Le premier acte de cette pièce met en avant le visage le plus Heavy du groupe, et ce en puisant directement à la source de ses plus récentes sorties. Ainsi met-il en exergue des plages où l’énergie prime sur la technicité, et où la complication d’influences progressives n’est que suggéré. Ces morceaux, aux qualités évidentes, épurés de démonstrations ineptes, n’en demeurent pas moins, souvent, insuffisamment forts pour tout à fait nous emporter vers un plaisir plein. Ce constat étonnamment amer est, je crois, un des fondements du paradoxe lié au relatif anonymat des hommes de Terence Holler. Pourtant après l’écoute de chansons aussi intense que l’obscur
Why, ou encore que le très réussi The Deep
Sleep, mais aussi qu’un délectable
Save Me, ou qu’un sombre The
Blackened Day, ou encore qu’un plaisant Standing Still, il est difficile de ne pas être conquis. En effet, ces titres aux constructions relativement semblables, ou les couplets installent une dramaturgie pesante et nerveuse, lourde et ténébreuse, avant que, dans un souffle salvateur, un salutaire refrain mélodique ne vienne offrir la délivrance d’une respiration lumineuse, sont bons. Bons, mais terriblement similaires, tant et si bien, qu’il devient alors assez difficile de parler d’excellence pour un
Eldritch qui finit par s’essouffler et par nous étouffer. Cette similitude, cette incapacité à donner véritablement plus de reliefs à ses travaux, pourtant très bons, est ce qui, à mon sens, vient définitivement sceller le destin de ces ultramontains, les condamnant aux affres d’une méconnaissance normale. On peut aussi évoquer les difficultés d’un Terence Holler, autrefois qualifié de "meilleur chanteur de sa génération", à véritablement donner des nuances nécessaires à sa voix invariablement puissante et dure.

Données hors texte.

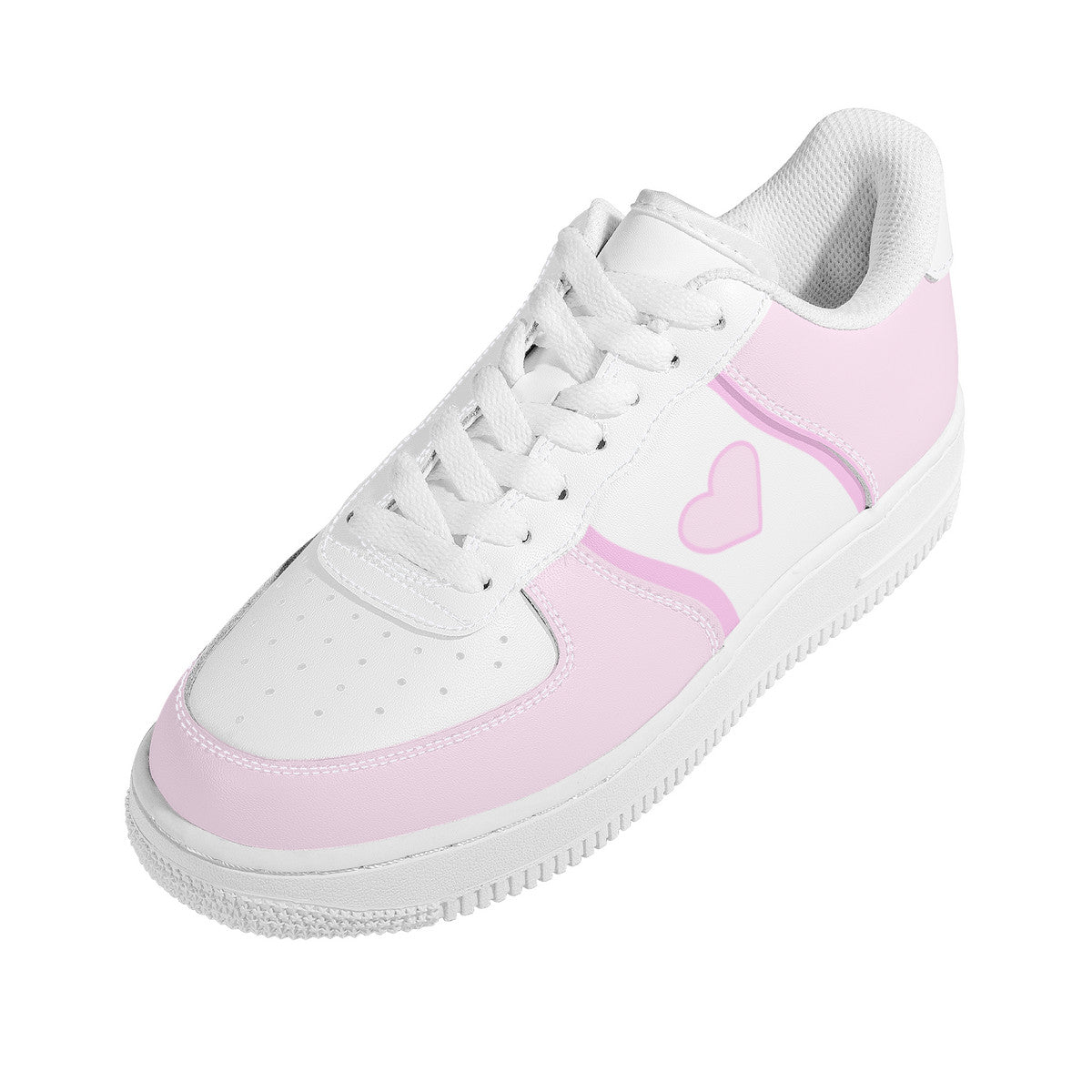 heart customized shoes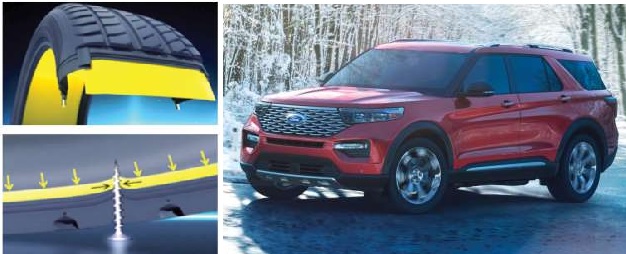 Tires Michelin Selfseal 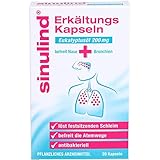 Klosterfrau Sinulind® Erkältungskapseln Eukalyptusöl 200 mg, 20 Kapseln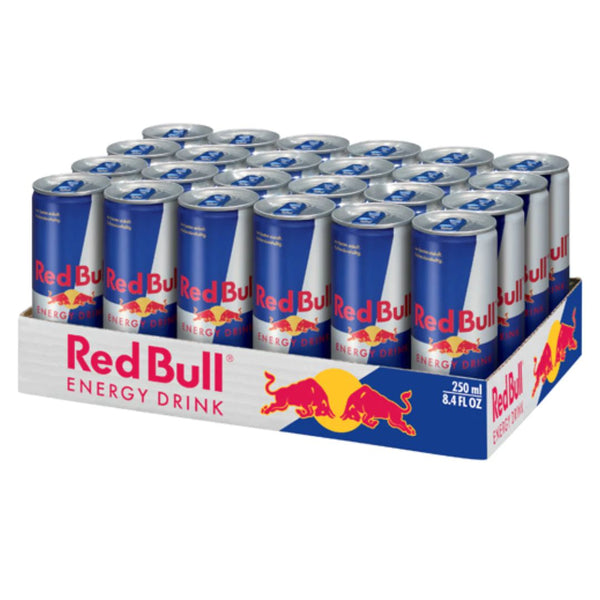 Red Bull Energy Drink 250ml - Pack of 24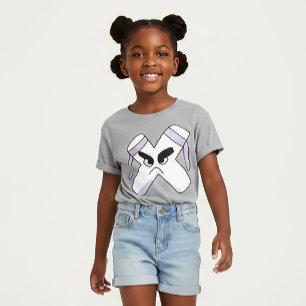 Alfabet T-Shirt Bokstav X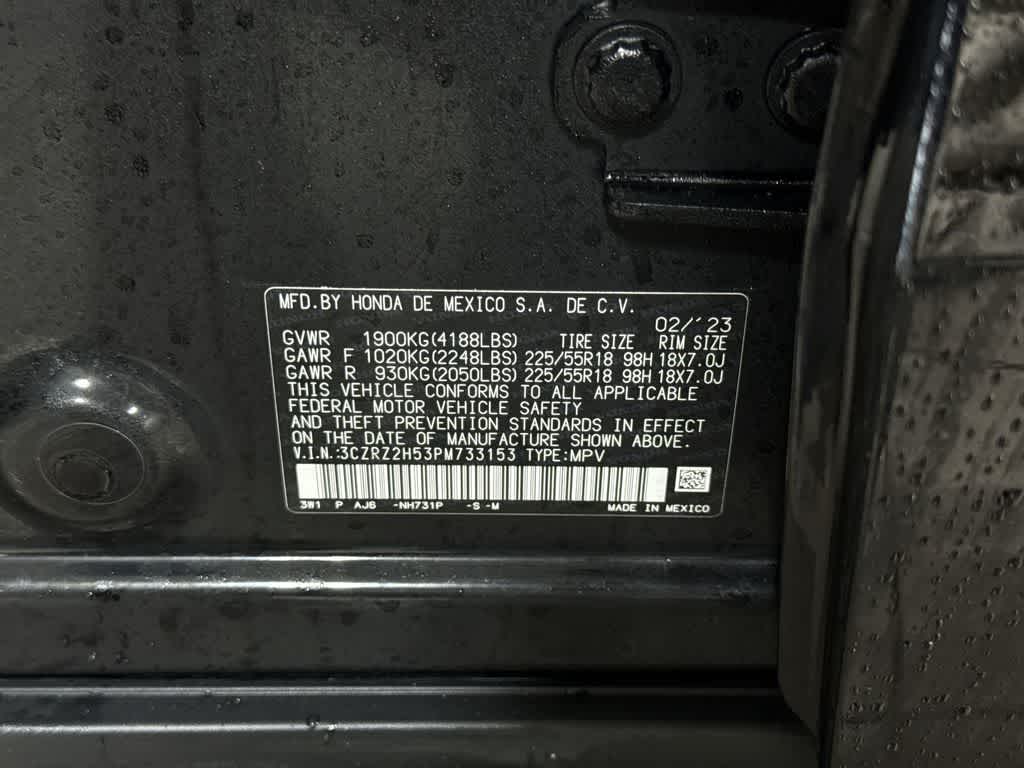 2023 Honda HR-V Sport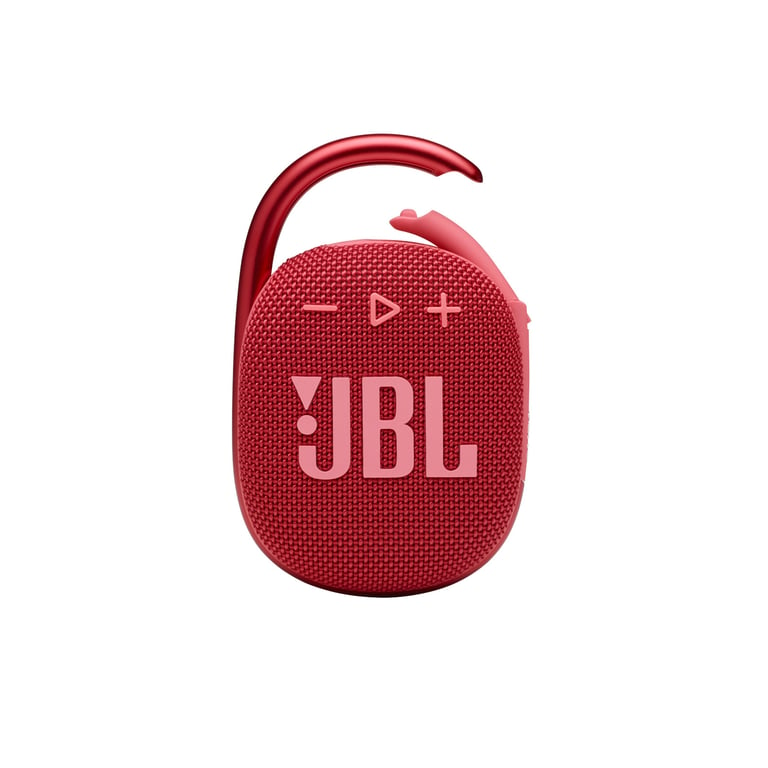 Enceinte Bluetooth portable étanche CLIP 4 - Rouge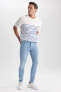 Фото #18 товара A2874 Carlo Skinny Fit Dar Paça Jean Pantolon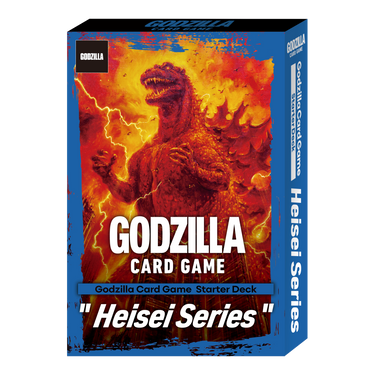 Godzilla Card Game: Starter Deck 'Heisei Series' - Thirsty Meeples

Et ce ne sont, sans doute, pas les titres aux différences les plus marquées, tels les très harmonieux The World Appart, ou le délicieux
More Than Marylin, dénués de tout sombre dessein, ou encore un rugueux
Reverse, extrait de l’album du même titre, aux propos bien trop brutal, qui viendront changer cette évidente sensation de plate linéarité.
La musique d’
Eldritch est bonne, très bonne même, mais jamais elle ne réussis à totalement nous emporter vers une grandeur tant attendue.
Le deuxième acte revient, quant à lui, sur la genèse du groupe, sur ces œuvres les plus anciennes, les plus absconses, sur ces titres où les synthés dessinent en des volutes d’arpèges expansives des structures difficiles, où les guitares aux soli exubérants de technicité racontent dans ces langues ardues des histoires arides. Accablés, aussi, par les défauts du premier acte, il y ajoute ceux d’une complexité stérile, pour un résultat, certes, intéressant, mais terriblement long et dispensable. Les morceaux s’enchaînent, nous traversant l’esprit comme une délicieuse caresse, avant que l’oubli ne nous étreigne bientôt. Dans cet océan d’intrications infructueuses, seul The
Lord Of An Empty Place vient nous délivrer à l’aide de sa simplicité, et de son refrain réussi.
Sans génie,
Eldritch nous propose avec cet album un condensé assez riche de ce qu’il a été autrefois, mais surtout de ce qu’il est aujourd'hui. Sans nul doute, et plus que jamais, c’est dans les desseins de son Heavy d’aujourd’hui qu’il saura le mieux s’accomplir pleinement.